At that time, the Court will consider whether the Supreme Court's ruling in Tennessee Student Assistance Corp. v. Hood , 541 U.S. 440, 124 S.Ct. 1905, 158 L.Ed.2d 764 (2004), that the discharge of debt is an in rem proceeding.

The Court has authority, at a minimum, to hear this dischargeability proceeding that is within the jurisdiction of the District Court. To the extent that the motion for summary judgment seeks dismissal of the complaint on jurisdictional grounds, it is denied.

II. Discussion

A. The Applicable Statutes Governing Dischargeability

The statute governing an exception of Ms. Long's claim from discharge will depend on the type of discharge Mr. Long receives. Unless his bankruptcy case is dismissed, Mr. Avila will receive either: (1) a discharge under § 1328(a) if he completes all of his payments under a confirmed plan (a "completion discharge"); (2) a discharge under § 1328(b) if he does not complete payments but he nevertheless meets the requirements for a discharge (a "hardship discharge"); or (3) a discharge under § 727(a) if the case converts to chapter 7 (unless an objection to such discharge is sustained) (a "chapter 7 discharge").

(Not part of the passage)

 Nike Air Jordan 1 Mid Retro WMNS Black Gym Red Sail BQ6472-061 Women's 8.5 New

In the case of a completion discharge, § 1328(a)(4) excepts a claim for damages resulting from "willful or malicious injury by the debtor that caused personal injury." (Emphasis added). When a debtor receives a hardship discharge, § 1328(c)(2) excepts all of the debts specified in § 523(a), which also applies to a chapter 7 discharge. Section 523(a)(6) excepts a debt for "willful and malicious injury by the debtor to another entity or to the property of another entity." (Emphasis added).

In the circumstances of this case, therefore, the difference is that Ms. Long's claim is excepted from a completion discharge if Mr. Avila's conduct is either willful or malicious, whereas his conduct must be both if he receives one of the other discharges.

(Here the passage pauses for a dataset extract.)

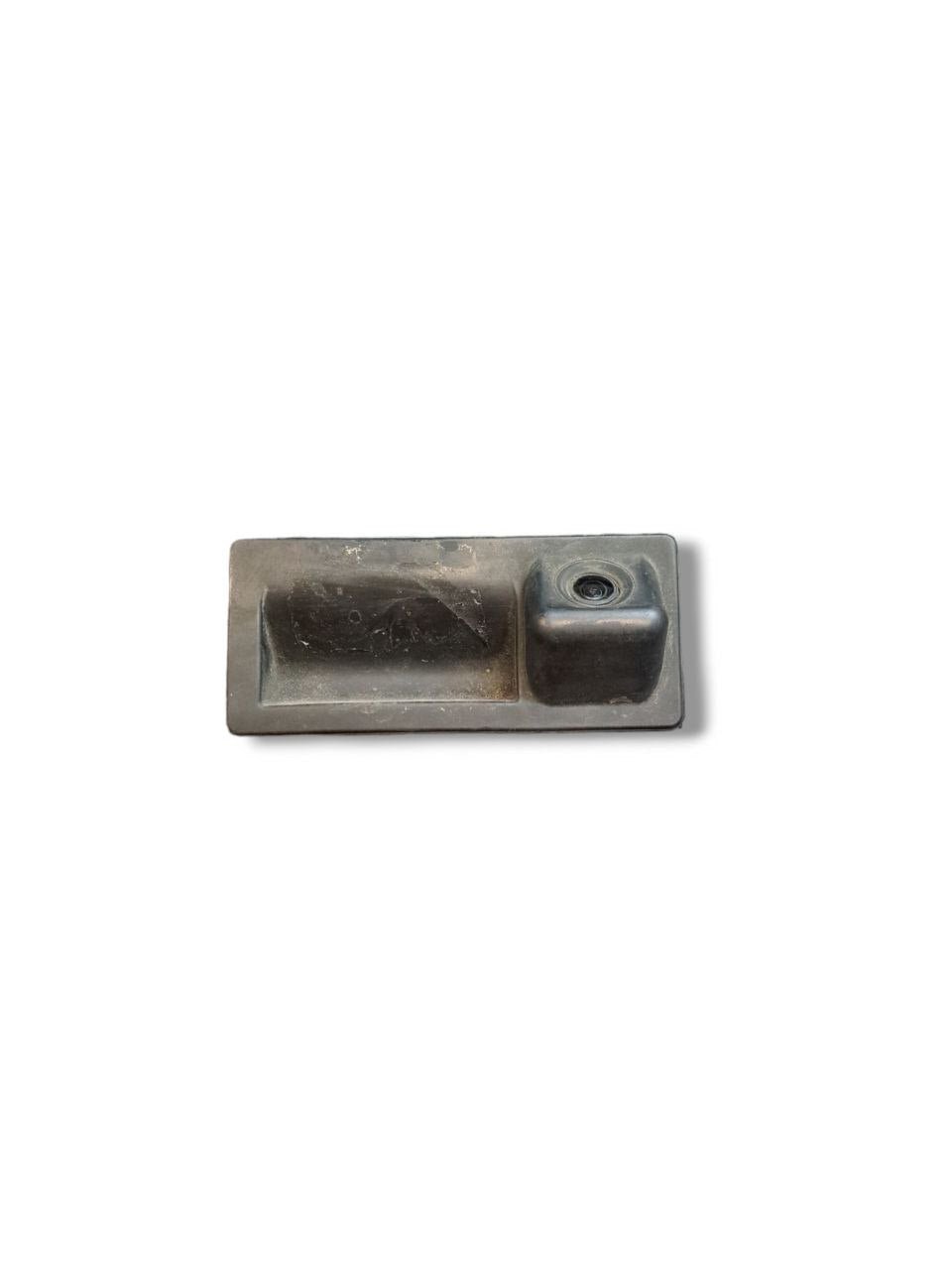rear camera + Volkswagen Golf VI (2010) tailgate handle COD:5N0827566 - F&P CRASH SRLS - Used Parts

To be excepted from a completion discharge under § 1328(a)(4), the debt must for damages resulting from willful or malicious conduct that caused personal injury to an individual or the death of an individual. The exception from the other discharges under § 523(a)(6) covers debts of any nature arising from willful and malicious conduct. Ms. Long's claim is for personal injuries; physical harm is not required. E.g. , Adams v. Adams (In re Adams) , 478 B.R. 476, 486 (Bankr. N.D. Ga. 2012) (Diehl, J.); accord, e.g. , Seubert v. Deluty (In re Deluty) , 540 B.R. 41, 47 (Bankr. E.D. N.Y. 2015). The parties do not raise the issue in this proceeding.

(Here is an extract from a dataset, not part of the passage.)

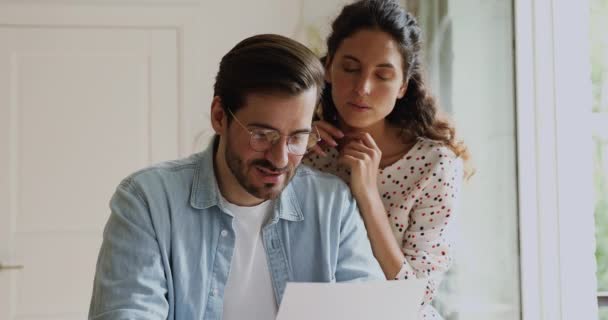 Eufórico millennial familia pareja lectura papel carta con increíble noticia. — Vídeos de Stock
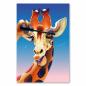 Preview: Eine Giraffe tuscht ihre Wimpern - ein humorvolles und verspieltes Bild.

The parties have not focused on this distinction, and the Court finds it unnecessary to deal with it at this stage of this proceeding. The analysis of what is "willful" and "malicious" is the same under all of the discharges. Further, as the Court explains below, the critical issues in this proceeding are whether the sex was consensual and whether, if so, it makes any difference. If the sex was not consensual, or if that is immaterial, Mr. Avila's conduct was both willful and malicious. Conversely, if Ms. Long consented and her consent is material, Mr. Avila did not act willfully or maliciously.

B. Consent As An Issue In Determination of "Willful" and "Malicious" Conduct

Although Mr. Avila contends that the sex was consensual, Ms. Long alleges facts to establish that Mr. Avila mentally coerced her by abusing his authority as a parole officer.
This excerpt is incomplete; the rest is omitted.